È altrettanto vero che il discorso di Trump al mondo sunnita è colmo di ambiguità: è stato accompagnato dalla vendita di ingenti quantità di armamenti a un regime mostruoso come quello della casata dei Sa’ud; o la retorica guerrafondaia sfoderata nei confronti di un Iran che ha appena confermato la sua volontà di dialogo con la rielezione del moderato Rouhani.
Ma su entrambe queste grosse contraddizioni occorre dire qualcosa.

La compromissione con la feroce monarchia assoluta saudita, che fa rotolare con la scimitarra le teste degli oppositori politici, di chi professa altre fedi, e che calpesta i diritti delle donne e i diritti umani, e che è autrice di quella infame carneficina (di cui nessuno parla) di civili, donne e bambini, che è la guerra nello Yemen, può anche essere interpretata come un cambiamento di approccio da parte dell’amministrazione americana.
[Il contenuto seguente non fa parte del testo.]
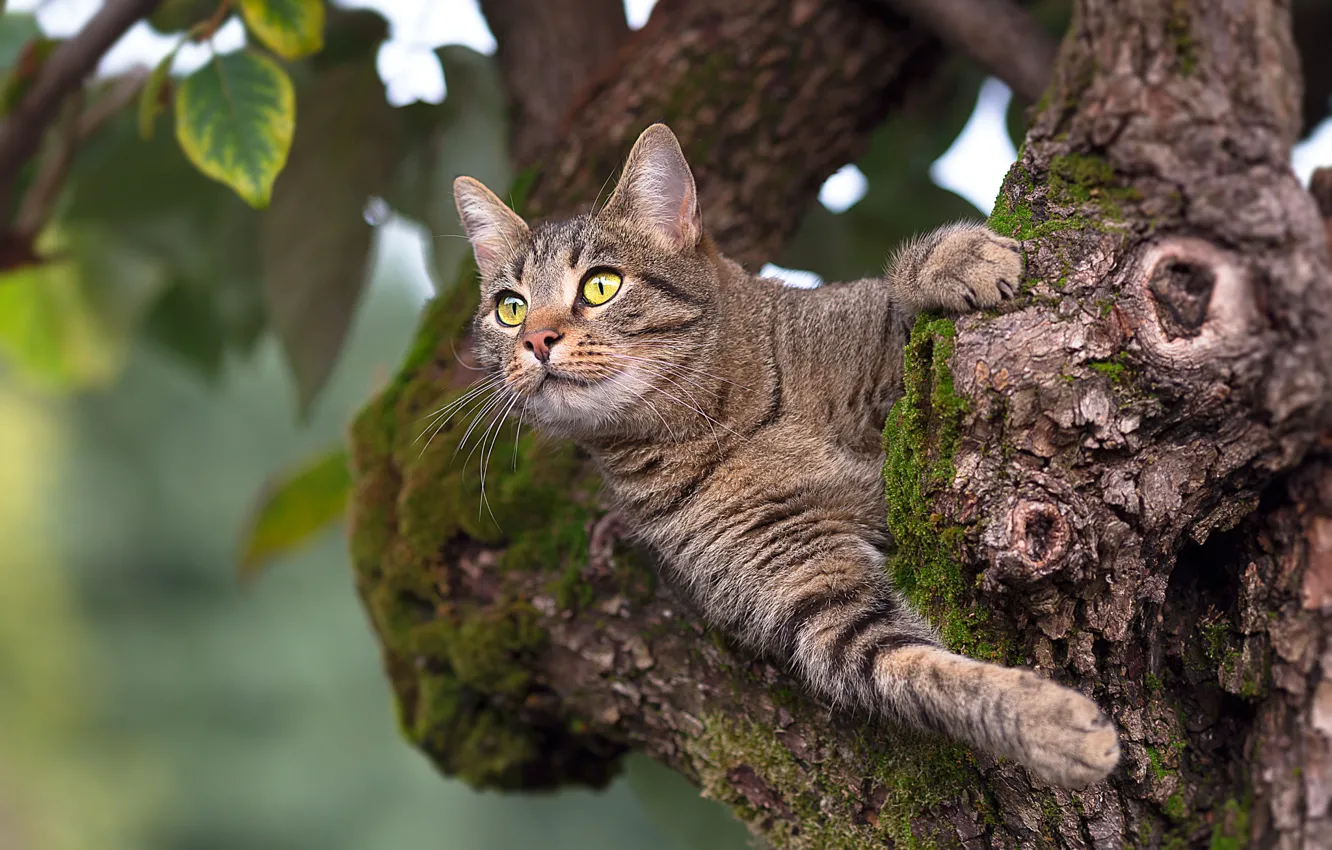 Фото обои кот, листья, дерево, животное
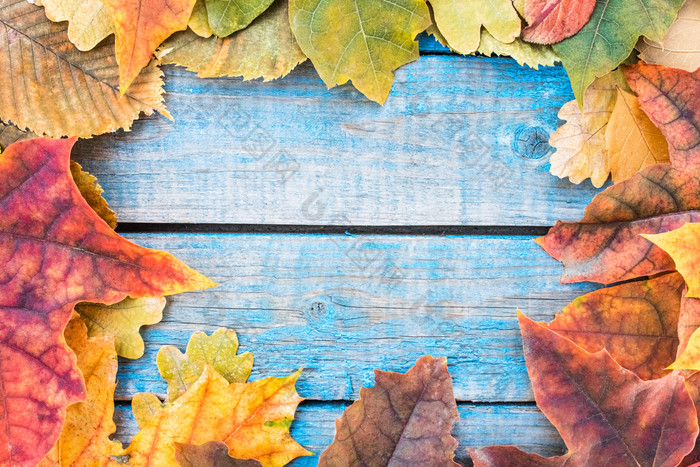 背景与秋天叶子蓝色的老董事会背景与秋天叶子复制空间为登记色彩斑斓的叶子背景与秋天叶子蓝色的老董事会背景与秋天叶子复制空间为登记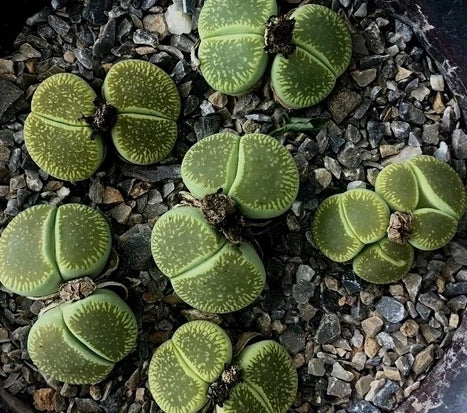 Lithops aucampiae ssp.euniceae 'Bellaketty' C48a seeds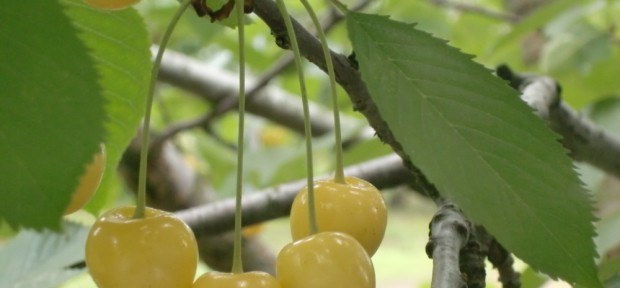 今日のおやつ： 山形の黄色いさくらんぼ 「月山錦」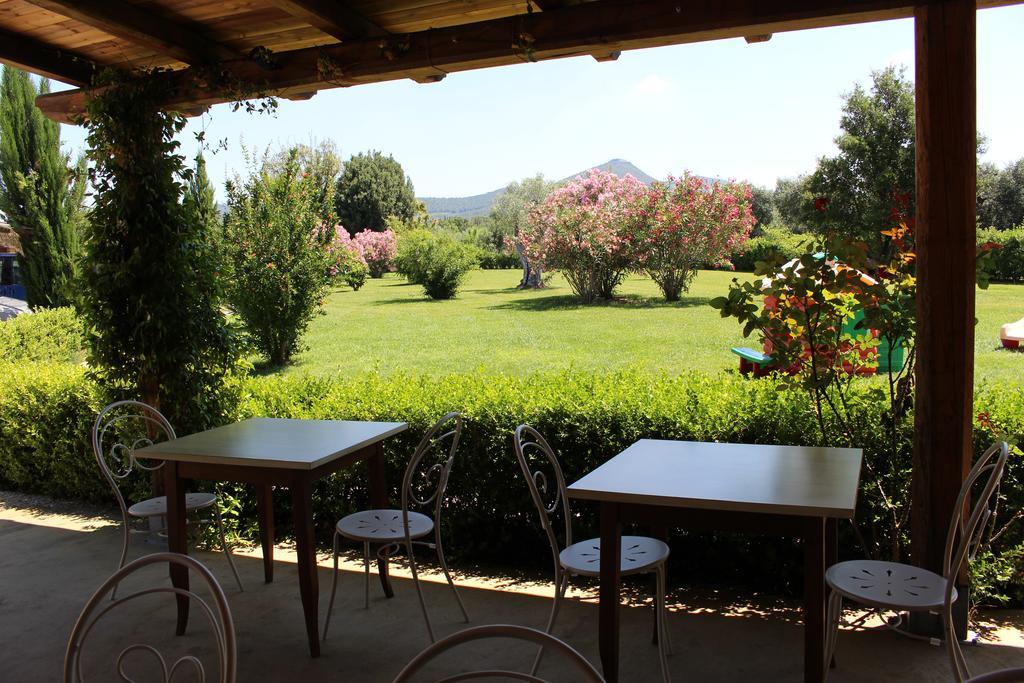 Agriturismo Eucaliptus Bolgheri Ngoại thất bức ảnh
Non più la dottrina Wolfowitz, del cambio di regime, dell’esportazione della democrazia o la strategia di Obama delle primavere arabe (che hanno prodotto conseguenze disastrose dall’Afghanistan, all’Iraq, alla Libia, e che sono state sul punto di far collassare un Paese enorme come l’Egitto). Al suo posto un dialogo pragmatico con quelli che sono i detentori del potere, in funzione degli obiettivi prioritari della pacificazione del Medio Oriente e dello sradicamento del terrorismo.

Quanto all’Iran, si tratta di capire fino a che punto i toni bellicosi di Donald Trump vadano oltre l’obiettivo di compiacere l’Arabia Saudita, acerrima nemica di Teheran, e di soddisfare l’amico di famiglia Netanyahu. Anche Israele sta forse capendo che la devastazione compiuta dall’Occidente di interi Paesi suoi vicini, retti da regimi laici come Iraq e Siria, ma anche Libia, non si sia rivelato un grande affare per la propria economia, la più dinamica dell’area. Questi erano gli unici mercati evoluti della regione, nei quali si stava formando una classe media e avrebbero costituito un naturale sbocco alla fiorente economia israeliana. Inoltre, bisogna anche ricordare che la strategia di Obama verso l’Iran, non era di pace duratura ma solo di sospensione delle ostilità, per circa un decennio. Lo schema, non dichiarato al grande pubblico, ma presente in documenti riservati, era all’incirca il seguente: prima finiamo di destabilizzare la Siria e il nord Africa, Egitto, Algeria, solo dopo, per non aprire troppi fronti contemporaneamente, all’Iran dovrà toccare la stessa sorte.

L’esplosione che ha reciso giovani vite innocenti a Manchester è stata dunque oggettivamente un colpo indirizzato sulla strategia della Casa Bianca per la stabilizzazione del Medio Oriente e per spezzare i legami inconfessabili tra alcune petromonarchie del golfo e il terrorismo internazionale. Ma da parte degli Stati Uniti sembra profilarsi una svolta che consenta all’Occidente e ai Paesi arabi di archiviare decenni di errori. Una svolta che crea premesse solide anche per la riapertura di un processo di pace tra Israele e Palestina.